Stored items
[Start of section]

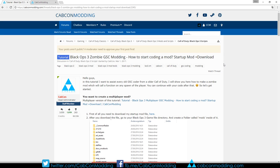Hey guys, what's up, Capcom here from Capcomodding and in this video I'm going to show you how to start coding in Call of Duty Black Ops 3 Zombie.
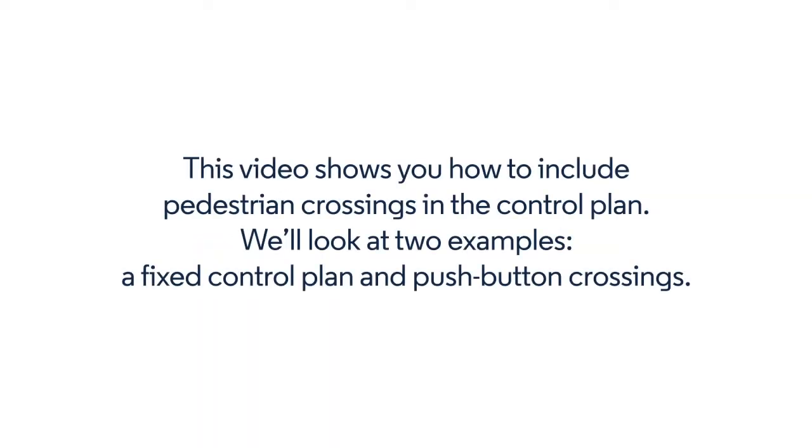This video shows you how to include pedestrian crossings in the control plan. We'll look at two examples: a fixed control plan and push-button crossings.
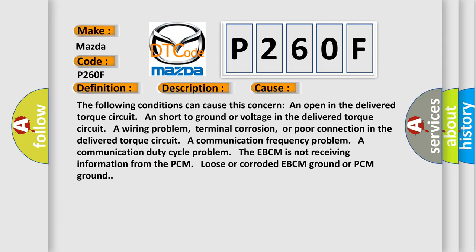The following conditions can cause this concern: An open in the delivered torque circuit, a short to ground or voltage in the delivered torque circuit, a wiring problem, terminal corrosion, or poor connection in the delivered torque circuit, a communication frequency problem, a communication duty cycle problem. The EBCM is not receiving information from the PCM, loose or corroded EBCM ground or PCM ground.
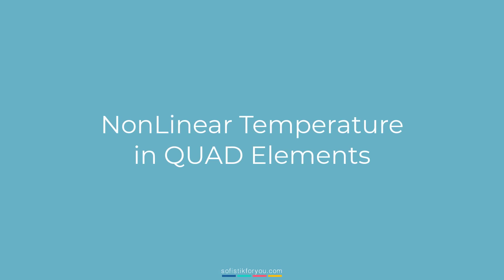Hello and welcome to another new video here on the Sophistic4U YouTube channel. Today I want to talk about non-linear temperature for quad elements. This will be a very brief video, just to cover the basics of the workflow.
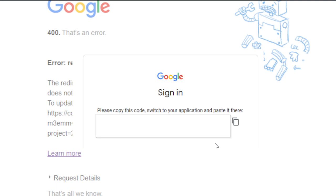That's it for this video. Those are all the steps that you need to do to possibly fix the error code 400 redirect URI mismatch. I hope this video helped you, and if it did, please make sure to like, subscribe, and hit the notification bell button so you don't miss a video. Thank you so much for watching and have a great day. Bye!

[End of section]

# Exercise brief
Reproduce only the lines running from the beginning of the entries above to the line holding "This video shows", inclusive. Pictures stay out of the copy.

# Answer below
Hey guys, what's up, Capcom here from Capcomodding and in this video I'm going to show you how to start coding in Call of Duty Black Ops 3 Zombie.
This video shows you how to include pedestrian crossings in the control plan. We'll look at two examples: a fixed control plan and push-button crossings.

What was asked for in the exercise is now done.